2.  FINANCIAL ARRANGEMENTS

	As of September 30, 1995, the Partnership was not in 
compliance with cash flow covenants of its primary borrowings 
which require the partnership to maintain cash flow before debt 
service of at least $3,000,000 during the most recent four 
quarter period.  The Partnerships lenders have agreed to issue a 
waiver of compliance regarding this covenant.

3.  CONTINGENCIES

	On May 19, 1995, during testing pursuant to the closure of a 
waste water treatment pond, the Partnership discovered that 
several drums of hazardous materials had been improperly disposed 
of at the site of the Wilmington refinery.  Subsequent 
geophysical testing to date indicates that approximately 20 to 30 
of such drums had been improperly disposed of at the site.  The 
materials had been stored in drums and disposed of under the 
waste water treatment pond apparently at the time of its 
construction.  Although the Partnership believes that it has 
claims against the former owners and operators of the site, as 
well as the entities involved in the construction of the pond and 
various insurance carriers which should substantially mitigate 
the ultimate costs, the Partnership has accrued $325,000 as of 
September 30, 1995 for remediation of the contamination.  
Management does not believe, based upon the information known at 
this time, that the remediation effort will have a material 
adverse effect on the Partnerships results of operations or 
financial position.

	The Partnership is party to a number of lawsuits and other 
proceedings arising out of the ordinary course of its business.  
While the results of such lawsuits and proceedings cannot be 
predicted with certainty, management does not expect that the 
ultimate liability, if any, will have a material adverse effect 
on the consolidated financial position or results of operations 
of the Partnership. 



MANAGEMENTS DISCUSSION AND ANALYSIS OF 
RESULTS OF OPERATIONS AND FINANCIAL CONDITION


	The following discussion should be read in conjunction with 
the financial statements included elsewhere in this report.

Results of Operations

	Huntway is principally engaged in the processing and sale of 
liquid asphalt products, as well as the production of other 
refined petroleum products such as gas oil, naphtha, kerosene 
distillate, diesel fuel, jet fuel and bunker fuel. 

	Huntways ability to generate income depends principally upon 
the margins between the prices for its refined petroleum products 
and the cost of crude oil, as well as upon demand for liquid 
asphalt, which affects both price and sales volume.

	Historically, refined petroleum product prices (including 
prices for liquid asphalt, although to a lesser degree than 
Huntways other refined petroleum products) generally fluctuate 
with crude oil price levels.  Accordingly, there has not been a 
relationship between total revenues and income due to the 
volatile commodity character of crude oil prices.

	Accordingly, income before interest, depreciation and 
amortization provides the most meaningful basis for comparing 
historical results of operations discussed below.

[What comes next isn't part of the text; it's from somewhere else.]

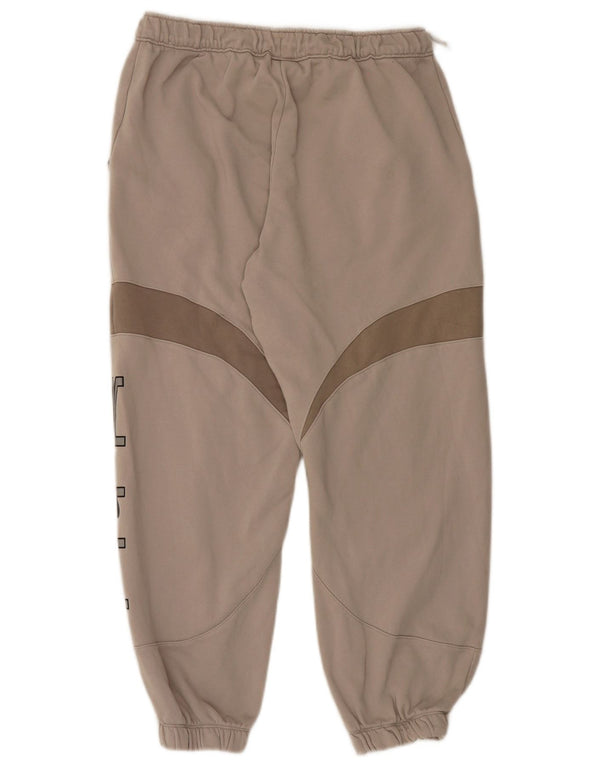 Pantalon de survêtement graphique Nike Homme Pantalon de jogging Beige moyen colour block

	A number of uncertainties exist that may affect Huntways 
future operations including the possibility of further increases 
in crude costs that may not be able to be passed on to customers 
in the form of higher prices.  Additionally, crude costs could 
rise to such an extent that Huntway may not have sufficient 
letter of credit availability to purchase all the crude it needs 
to sustain operations to capacity, especially during the summer 
season.  If this occurred, Huntway would be forced to reduce 
crude purchases which could adversely impact results of 
operations.  The Partnerships primary product is liquid asphalt.  
Most of Huntways competitors produce liquid asphalt as a by-
product and are of much greater size and have much larger 
financial resources than the Partnership.  Accordingly, the 
Partnership has in the past, and may in the future, have 
difficulty raising prices in the face of increasing crude costs.

Three Months Ended September 30, 1995 Compared with the Three 
Months Ended September 30, 1994

	The 1995 third quarter net income was $160,000, or 1 cent 
per unit, versus 1994 third quarter net income of $203,000, or 2 
cents per unit.

	The nominal decrease of $43,000 in net income between 
quarters is principally attributable to costs associated with the 
Arizona refinery which was charged against the closure reserve in 
1994.



	The following table sets forth the effects of changes in 
price and volume on sales and crude and processing costs on the 
quarter ended September 30, 1995 as compared to the quarter ended 
September 30, 1994:

											
                                          						Materials &     					Barrels
                                  			Sales   			Processing Net	     	Sold
                                  			(In Thousands)								
											
											                                              
Period ended Sept. 30, 1994        		$	60,057 		$	53,143 		$	6,914 		3,500 
											
    Effect of changes in price	       		4,556   			8,001 			(3,445)		
    Effect of changes in volume	     		(3,929) 			(3,477)		  	(452) 		(229)
											
Period ended Sept. 30, 1995	        	$	60,684 		$	57,667 		$	3,017 		3,271 

											
As reflected in the table, the net margin between sales and crude 
and processing costs improved from $2.08 per barrel for the third 
quarter of 1994 to $2.20 per barrel for the third quarter of 
1995.  This improvement in net margin of $93,000 is primarily 
attributable to the Partnership being able to pass on to its 
customers crude cost increases due to heavy late summer demand 
and to improved margins. Sales prices averaged $19.76 per barrel 
for the third quarter of 1995 as compared to $18.44 per barrel 
for the comparable quarter of 1994, an increase of $1.32, or 7%.  
This increase in pricing was partially offset by increased 
material and processing costs which averaged $17.56 and $16.36 
for the quarter ended September 30, 1995 and 1994, respectively, 
an increase of $1.20, or 7%.

	Selling, general and administrative costs increased $44,000 
compared to the third quarter of 1994 as 1994 received the 
benefit of the recovery of a previously written-off receivable of 
$110,000 offset by the elimination of bonus accruals in 1995.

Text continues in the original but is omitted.